Data in this exercise below:

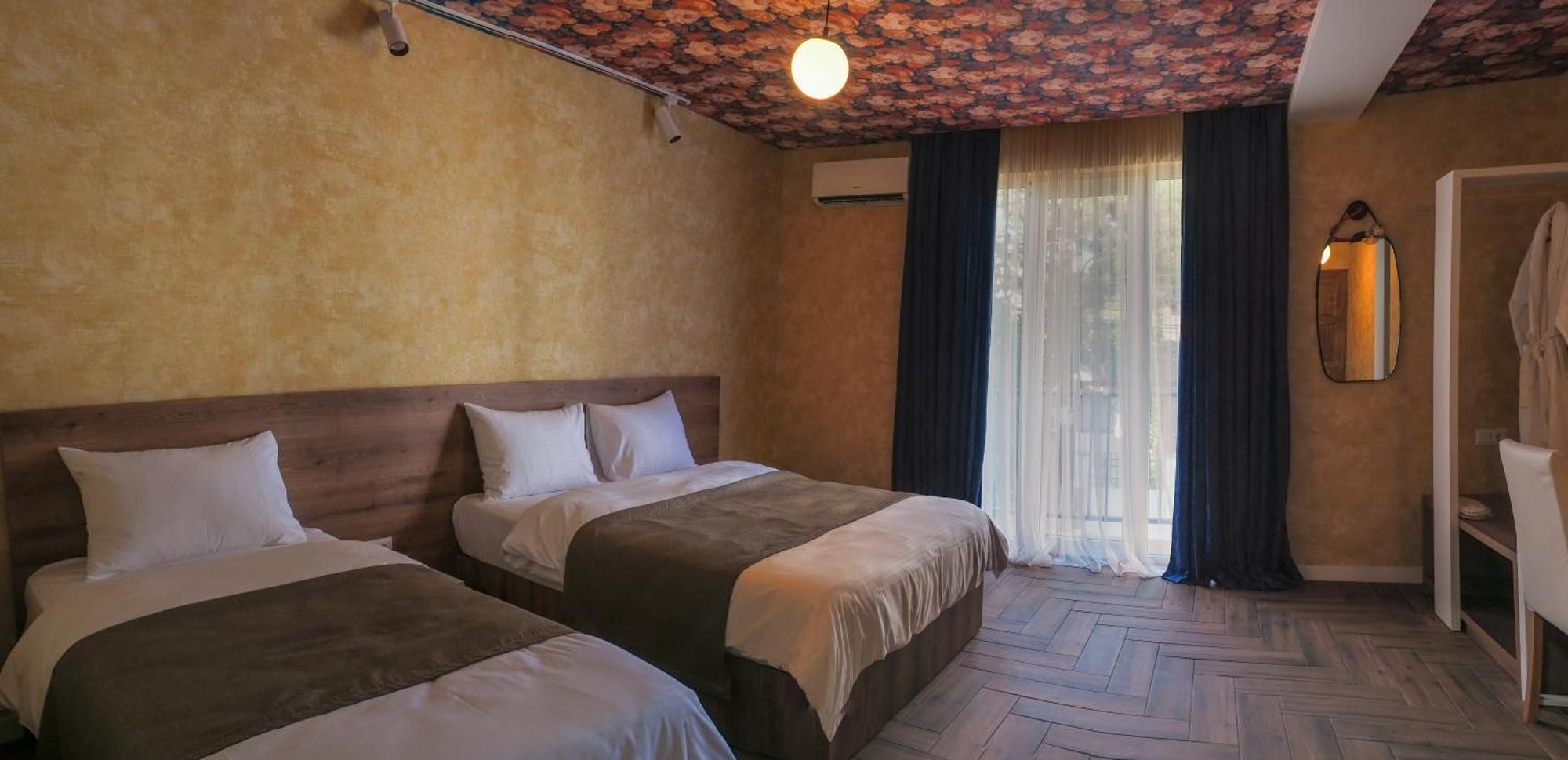 Hotel Hills In Old Tbilisi Buitenkant foto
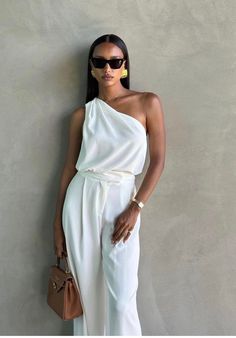 92% polyester, 8% elastane Made in China Dry clean only One shoulder styling Crepe fabric Item not sold as a set Lauren is 5'4", wearing size 0. Jasmine Tookes Style, Jasmin Tookes, Self Love Art, Beauty Affirmations, Jasmine Tookes, Chique Outfits, Effortlessly Chic Outfits, Elegante Casual, Event Outfit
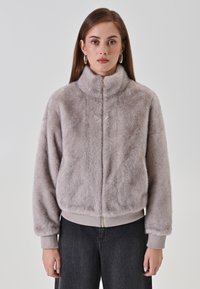 Флисовая куртка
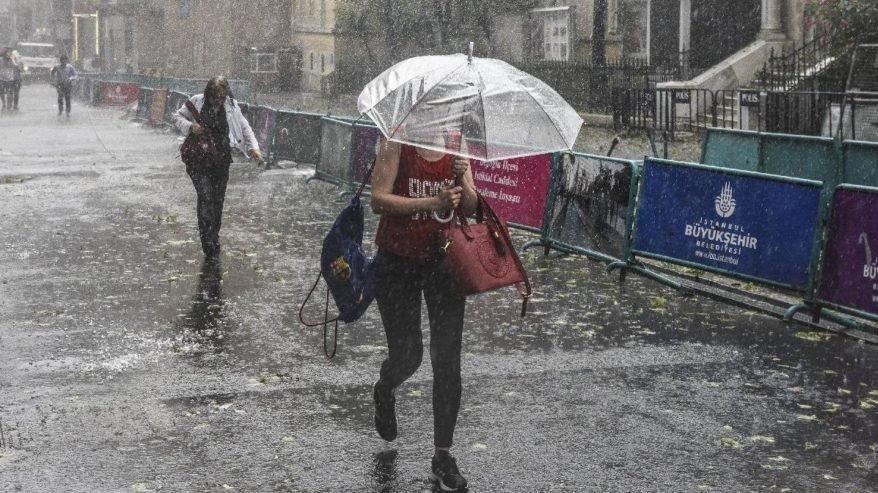 Sıcaklıklar düşüyor, sağanak yurdu sarıyor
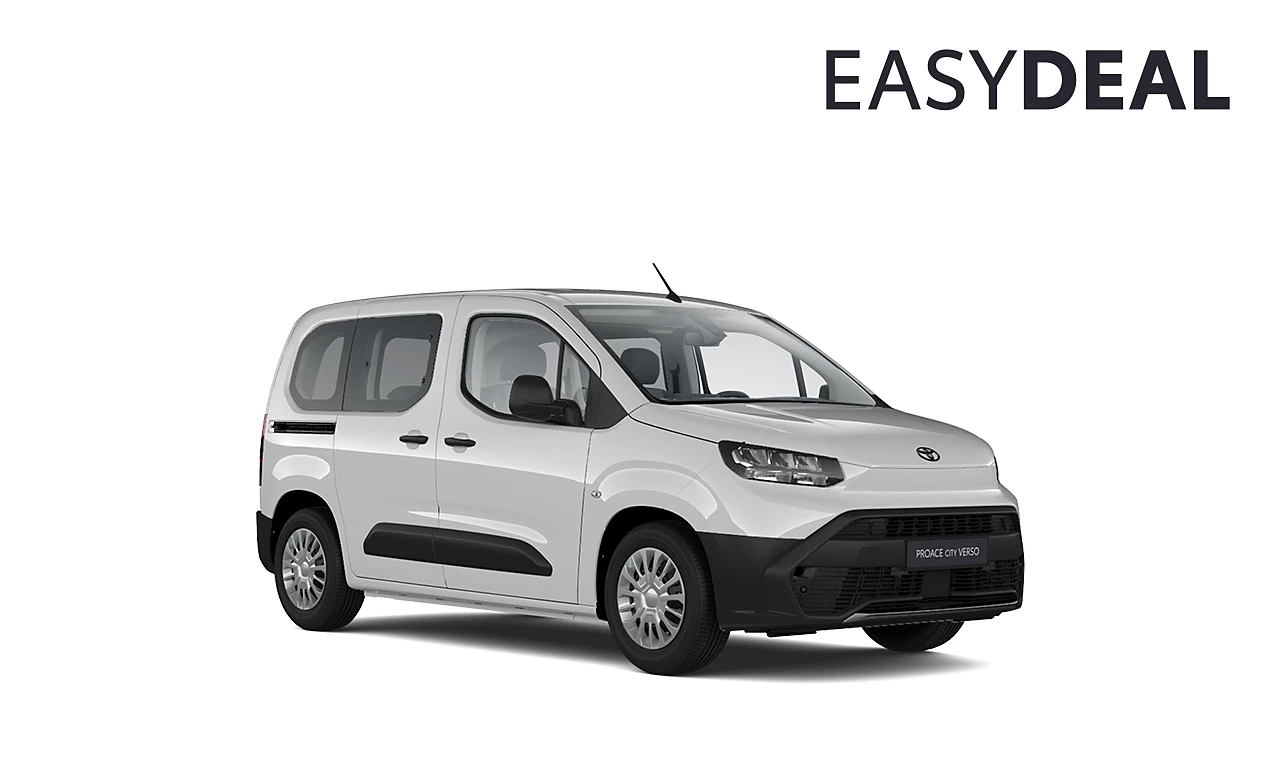 Ein weißer Toyota Proace City Verso steht diagonal zur Kamera vor neutralem Hintergrund.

End of Data in this exercise.

→ **Your instructions**:
All entries, top to bottom, should be retyped exactly; the pictures should not be.

→ **Answer box**:
 Hotel Hills In Old Tbilisi Buitenkant foto
 92% polyester, 8% elastane Made in China Dry clean only One shoulder styling Crepe fabric Item not sold as a set Lauren is 5'4", wearing size 0. Jasmine Tookes Style, Jasmin Tookes, Self Love Art, Beauty Affirmations, Jasmine Tookes, Chique Outfits, Effortlessly Chic Outfits, Elegante Casual, Event Outfit
 Флисовая куртка
 Sıcaklıklar düşüyor, sağanak yurdu sarıyor
 Ein weißer Toyota Proace City Verso steht diagonal zur Kamera vor neutralem Hintergrund.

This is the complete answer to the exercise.